Más allá del aparente fastidio que los artistas pudieran sentir por el ethos cerrado, exclusivista y fuertemente preceptivo de la crítica modernista, la perspectiva histórica debería servirnos para sospechar que no todas las posiciones eran tan inconmensurables y antagónicas como parecieron en un principio. La retórica proamericana y antieuropeísta de Greenberg y Fried se repite en la crítica a la composición europea de Stella y Judd, los textos filosóficos que inspiran a Fried -el último Wittgenstein (pasado por el filósofo norteamericano Stanley Cavell) y Merleau Ponty- no se distinguen demasiado de los que inspiraron a Morris y cía. Hasta cierto punto, el minimalismo participa de la misma tradición de exaltación de sí misma de la crítica modernista, producto, sin duda, de la posición hegemónica lograda por los Estados Unidos, cuya pretendida inviolabilidad pareció colarse subrepticiamente también en las discusiones estéticas. Algunos han señalado que en otro aspecto, en cambio, parece compartir el sentimiento de desafiliación y desposeimiento característico de la contracultura.

[2] Cf. en particular: “La crisis de la pintura de caballete” y “Pintura ‘tipo norteamericano’”, ambos en Clement Greenberg. Arte y cultura. Paidós, Barcelona y Bs. As, 2002.

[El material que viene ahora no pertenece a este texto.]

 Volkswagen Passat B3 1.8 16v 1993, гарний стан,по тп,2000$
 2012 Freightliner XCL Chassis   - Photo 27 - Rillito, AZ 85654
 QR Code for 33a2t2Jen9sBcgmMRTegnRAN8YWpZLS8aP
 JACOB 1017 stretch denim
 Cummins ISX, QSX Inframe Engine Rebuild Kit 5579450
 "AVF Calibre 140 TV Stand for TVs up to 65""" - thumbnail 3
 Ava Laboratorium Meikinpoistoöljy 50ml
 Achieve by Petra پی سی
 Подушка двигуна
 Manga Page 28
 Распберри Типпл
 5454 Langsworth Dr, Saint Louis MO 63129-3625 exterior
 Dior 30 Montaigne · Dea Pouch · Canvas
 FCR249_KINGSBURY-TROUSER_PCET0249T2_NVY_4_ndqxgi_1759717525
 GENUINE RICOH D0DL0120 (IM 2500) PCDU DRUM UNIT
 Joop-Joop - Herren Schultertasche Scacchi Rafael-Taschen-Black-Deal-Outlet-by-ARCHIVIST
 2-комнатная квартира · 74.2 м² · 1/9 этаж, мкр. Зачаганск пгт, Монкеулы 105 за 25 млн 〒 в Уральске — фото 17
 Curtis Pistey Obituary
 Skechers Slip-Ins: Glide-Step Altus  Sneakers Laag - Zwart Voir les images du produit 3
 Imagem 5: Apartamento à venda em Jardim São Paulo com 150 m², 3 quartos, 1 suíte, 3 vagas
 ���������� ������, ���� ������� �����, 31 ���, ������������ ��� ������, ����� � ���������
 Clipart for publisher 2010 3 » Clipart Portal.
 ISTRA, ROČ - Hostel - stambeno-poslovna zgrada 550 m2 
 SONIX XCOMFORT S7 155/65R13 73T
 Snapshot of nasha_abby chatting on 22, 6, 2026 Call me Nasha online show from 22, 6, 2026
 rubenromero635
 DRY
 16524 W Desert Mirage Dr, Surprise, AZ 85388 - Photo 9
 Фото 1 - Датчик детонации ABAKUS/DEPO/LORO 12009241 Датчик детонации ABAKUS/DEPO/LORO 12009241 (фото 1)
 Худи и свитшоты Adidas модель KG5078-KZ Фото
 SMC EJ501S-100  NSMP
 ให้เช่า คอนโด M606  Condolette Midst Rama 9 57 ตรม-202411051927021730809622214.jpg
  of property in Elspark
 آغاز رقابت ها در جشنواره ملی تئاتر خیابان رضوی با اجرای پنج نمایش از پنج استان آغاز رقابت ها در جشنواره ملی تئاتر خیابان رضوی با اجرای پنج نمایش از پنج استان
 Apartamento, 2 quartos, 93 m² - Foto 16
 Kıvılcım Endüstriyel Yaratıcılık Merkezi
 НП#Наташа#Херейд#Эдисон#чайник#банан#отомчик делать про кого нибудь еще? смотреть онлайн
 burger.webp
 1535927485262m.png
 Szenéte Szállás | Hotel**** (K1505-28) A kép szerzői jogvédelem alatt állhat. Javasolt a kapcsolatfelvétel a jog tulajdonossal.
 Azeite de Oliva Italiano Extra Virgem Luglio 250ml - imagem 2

[3] Tal vez el texto más reciente que realiza este mismo movimiento pero en el terreno literario sea The Western Canon: The Books and School of the Ages, de Harold Bloom. Harcourt Brace, New York, 1994. (Hay trad. española en Anagrama) Bloom construye un tradición (occidental) cuyo eje de referencia omnipresente es Shakespeare (“Podemos afirmarlo sin vacilar. Shakespeare es el canon. El impone el modelo y los límites de la literatura”, p 50 de la edición en inglés.) No se puede acusar al crítico literario norteamericano de ser precisamente historicista. Pero en todo lo demás resulta revelador cuantos puntos en común comparte con una estética como la que sostienen Greenberg y Fried. Los tres defienden a rajatabla la autonomía del arte, admiten que las obras funcionan siempre en relación con las anteriores, lamentan la caída de los estándares intelectuales y estéticos, alertan sobre lo peligroso de renunciar a un fundamento seguro que posibilite los juicios de valor, relacionan la crisis actual con la pérdida de la cultura humanista y encuentran un culpable evidente de este estado de cosas en la contracultura de los años ’60. Los culturalistas y posmodernos de nuestros días tienden a descartar este conjunto de cuestiones como irrelevantes, etnocéntricas o directamente reaccionarias. Pero la corrección política no sirve como sustituto de una teoría. Entre un universalismo abstracto y de coloraturas imperiales y un relativismo cultural campechanamente populista y obsesionado por la identidad, la demanda por opciones intermedias y sensatas se vuelve cada vez más urgente. Tal vez algo de ello pueda hallarse en otro libro imprescindible, que en apariencia detenta cierto aire de familia con el de Bloom -hasta en la superposición de algunos textos y autores del “canon occidental”- pero cuya estrategia no podría ser más contrapuesta, siempre atenta a las transformaciones históricas y a las concepciones cambiantes de lo real. Me refiero, claro, a Mimesis: The Representation of Reality in Western Literature, de Erich Auerbach (Princeton University Press, Princeton, NJ, 1953 –trad. española en FCE).

[4] “The New Sculpture”, en Clement Greenberg: Art and Culture. Beacon Press, Boston. 1965, p.144.